02-223 How to Analyze Your Own Genome, Fall 2013

Course Information

  • Instructor: Seyoung Kim (Lane Center for Computational Biology, School of Computer Science, Carnegie Mellon University)
  • Co-instructor: Karen Thickman (Lane Center for Computational Biology, School of Computer Science, Carnegie Mellon University)

  • Location: GHC 4215
  • Time: Monday, Wednesday, & Friday 3:30-4:20pm
  • Office hours: Friday 4:30-5:30pm, GHC 7721 (Kim)
  • Tuesday 3:30-4:20pm, GHC 7403 (Thickman)
  • Course material: There is no required textbook for this course. Reading material will be drawn from various sources. Below is the list of optional textbooks.
    • Biological Sequence Analysis (Durbin, Eddy, Krogh, and Mitchison)
    • The Human Genome: A User's Guide (Richards & Hawley)
    • Computational Genome Analysis: An Introduction (Deonier, Tavare, and Waterman)
    • All of Statistics (Larry Wasserman)

Course Description

Do you want to know how to discover the tendencies hidden in your genome?
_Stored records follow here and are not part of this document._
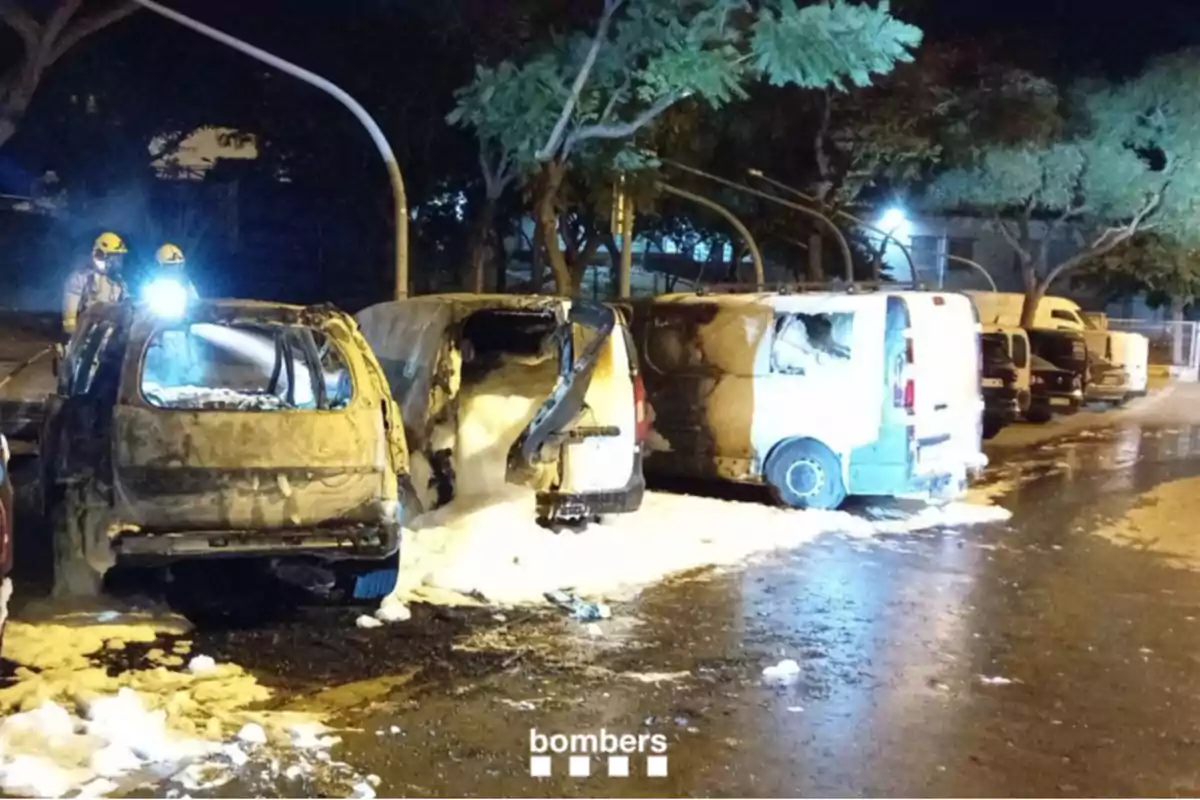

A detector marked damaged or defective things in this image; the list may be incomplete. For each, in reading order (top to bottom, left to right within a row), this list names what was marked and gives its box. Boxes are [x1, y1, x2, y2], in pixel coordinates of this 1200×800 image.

charred car body [41, 299, 408, 594]
burned van [42, 299, 410, 594]
burnt car [41, 299, 412, 594]
broken van window [141, 323, 352, 412]
burnt car [352, 293, 648, 525]
charred car body [355, 293, 648, 525]
burned van [355, 296, 648, 525]
burned car door [504, 297, 643, 515]
broken van window [768, 311, 854, 376]
charred car body [979, 333, 1017, 441]
burnt car [979, 335, 1017, 441]
burnt car [1027, 352, 1084, 422]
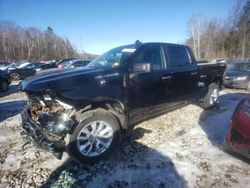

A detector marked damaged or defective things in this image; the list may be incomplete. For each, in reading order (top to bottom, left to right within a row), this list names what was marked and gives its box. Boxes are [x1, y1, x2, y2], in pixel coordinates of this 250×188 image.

front bumper damage [20, 94, 75, 158]
damaged front end [21, 92, 76, 159]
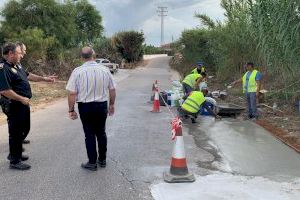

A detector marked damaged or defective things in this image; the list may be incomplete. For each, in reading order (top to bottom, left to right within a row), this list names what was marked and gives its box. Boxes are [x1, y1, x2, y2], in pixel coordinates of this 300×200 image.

concrete patch on road [151, 173, 300, 199]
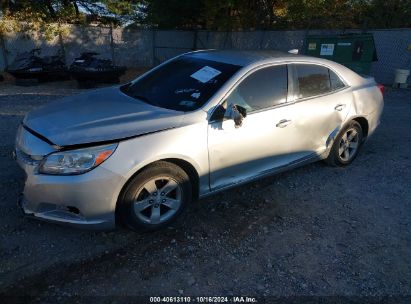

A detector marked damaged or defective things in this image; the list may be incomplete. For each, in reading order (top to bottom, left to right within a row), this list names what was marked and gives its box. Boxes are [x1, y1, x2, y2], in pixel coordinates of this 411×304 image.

crumpled hood [22, 86, 183, 147]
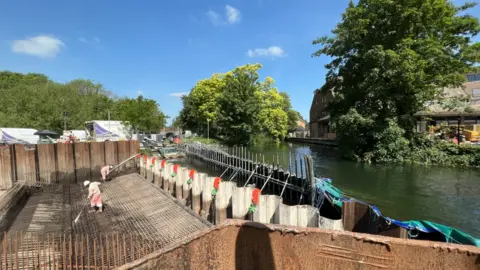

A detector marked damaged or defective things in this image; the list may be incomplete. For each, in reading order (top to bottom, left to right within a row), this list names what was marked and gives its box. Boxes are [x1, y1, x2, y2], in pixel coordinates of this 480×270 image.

rusted metal sheet [13, 144, 36, 185]
rusted metal sheet [36, 144, 57, 185]
rusted metal sheet [56, 143, 75, 184]
rusted metal sheet [74, 142, 91, 182]
rusted metal sheet [90, 142, 106, 180]
rusted metal sheet [118, 220, 480, 268]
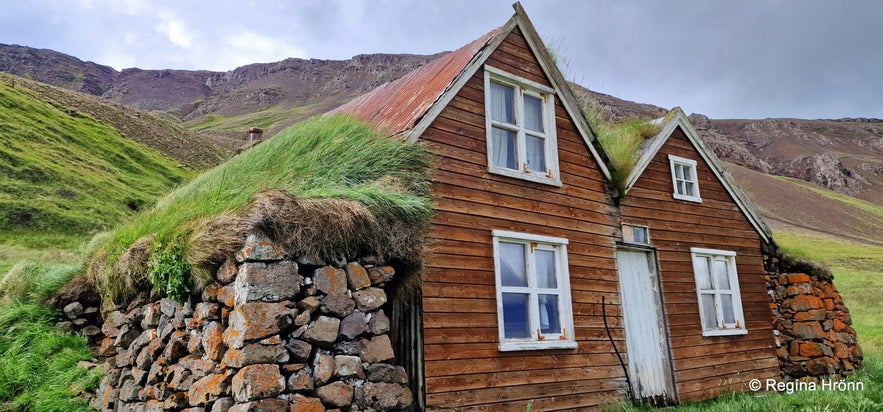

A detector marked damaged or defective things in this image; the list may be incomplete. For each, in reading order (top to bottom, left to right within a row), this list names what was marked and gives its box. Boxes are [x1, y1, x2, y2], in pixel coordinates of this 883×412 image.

rusted metal roof [332, 27, 498, 137]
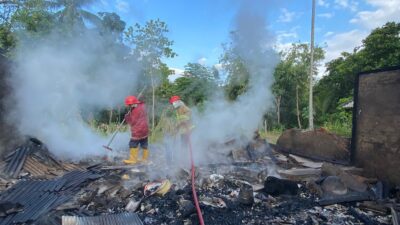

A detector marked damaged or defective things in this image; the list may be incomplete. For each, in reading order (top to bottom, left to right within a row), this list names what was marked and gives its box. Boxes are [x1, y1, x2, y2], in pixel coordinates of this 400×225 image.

burned debris [0, 136, 396, 224]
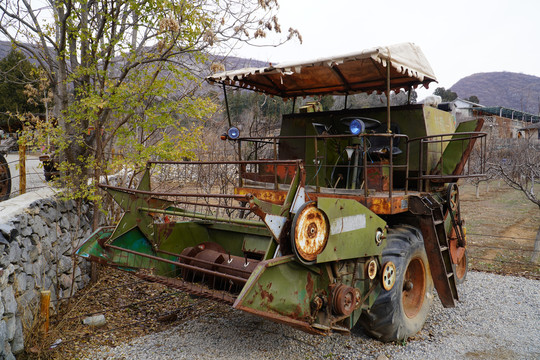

Since the first draft of a human genome sequence became available about a decade ago, the cost of genome sequencing has decreased dramatically. It is expected that personal genome sequencing will become a routine part of medical examinations for patients in clinics for prognostic and diagnostic purposes. Personal genome information will also play an increasing role in lifestyle choices, as people take into account their own genetic tendencies. Commercial services such as 23andMe have already taken first steps in this direction. Computational methods for mining large-scale genome data are being developed to unravel the genetic basis of diseases and to assist doctors in clinics.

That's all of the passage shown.